The administration used Title 42 as a threat to deport Venezuelans who didn’t go the legally available route. The policy worked: Illegal border crossings by Venezuelans dropped as a result by over 90 percent.
Title 42 Gets Challenged
The case currently before the Supreme Court is one of two major challenges to Title 42. Despite considerably ratcheting down the use of Title 42, the onus has now fallen disproportionately on migrants from Mexico who aren’t able to avail themselves of special parole programs and who aren’t fleeing hostile regimes like Cuba or Venezuela.
Many who are apprehended are simply repeating their earlier attempts to enter the country after having been previously deported. Migrants, aided by progressive civil rights groups, sued as a class, arguing that the rationale invoking Title 42 as a pandemic safety measure no longer applies and that it is now operating as an illegal bar to lawful asylum seekers.

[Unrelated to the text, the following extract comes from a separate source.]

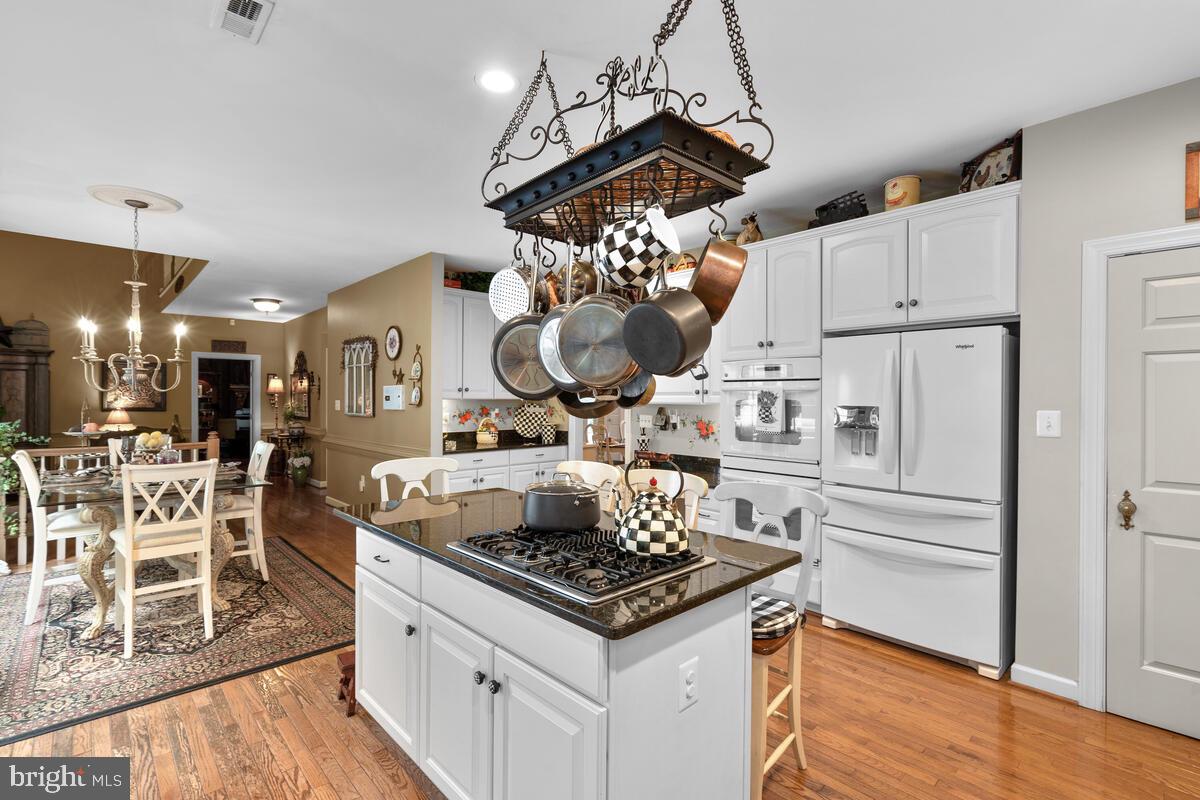 18705 Olney Mill Road Olney, MD 20832 - Photo 24 of 64 Island Cooking and Pantry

A federal court in D.C. agreed, and it ordered the policy lifted by December 21 of this year. The Biden Administration began extensive planning to prepare for a rush of applications. But a group of 19 red state leaders sued last minute to intervene, arguing that lifting Title 42 would result in chaos and negatively impact their states.
Five justices agreed to stay the federal court’s order to lift Title 42, while four justices dissented (the three liberal justices plus Justice Gorsuch). The question the Court reserved to consider later was very narrow: whether the red states had “standing” (that is, a legal right) to intervene in the case.
While the Court weighs this esoteric procedural matter, however, it ordered Title 42 to remain in place—trapping thousands of migrants at the border in further legal limbo while handing red state leaders a political win.
Some Thoughts and Takeaways
It is next-level hypocrisy that red state leaders, who during the pandemic eschewed all manner of basic preventative health measures at great cost to human life, should now champion a policy that cites the virus as the reason to expel millions of theoretical carriers.
The idea that Mexico was somehow a greater vector for disease and infection than the red states of America is also both deeply cynical and plainly counterfactual.
From a policy standpoint, the notion that certain states can claim they would suffer special harm from the lifting of Title 42 and that this somehow gives them standing to stop the government in its tracks threatens to upend our entire federal system.
In every policy decision by federal authorities there are winners and losers, from taxation to infrastructure spending to rules around land and water use. Immigration, and the states which allegedly are most affected by it, should receive no special dispensation or consideration.
Giving these states a voice and standing in this instance sufficient to hamstring the government would be premised on nothing but the Court’s apparent political priorities, and not sound federal principles.
Finally, the crisis at the border truly requires a bipartisan political solution, but no comprehensive immigration reform bill has passed Congress since 1986. Today, the “problem” of immigration has become a useful political tool for Republicans around which to rally their base and with which to fundraise.
Unsurprisingly then, they appear to have no real interest in actually trying to solve the problem through legislation. As Secretary Pete Buttigieg has observed, this will remain the case so long as the problem of immigration is more useful to them than the solution.
The upshot is, we likely will continue to see misery at our border and buses of migrants sent by governors Abbott of Texas and DeSantis of Florida dropped off in liberal bastions like Martha’s Vineyard or in front of Vice President Harris’ home in D.C.
The Biden Administration will still continue to work quietly behind the scenes to lessen the impact of Title 42 and to argue in court for ending the policy. But whether SCOTUS will relinquish its de facto policymaking role to the proper branches of government remains unclear.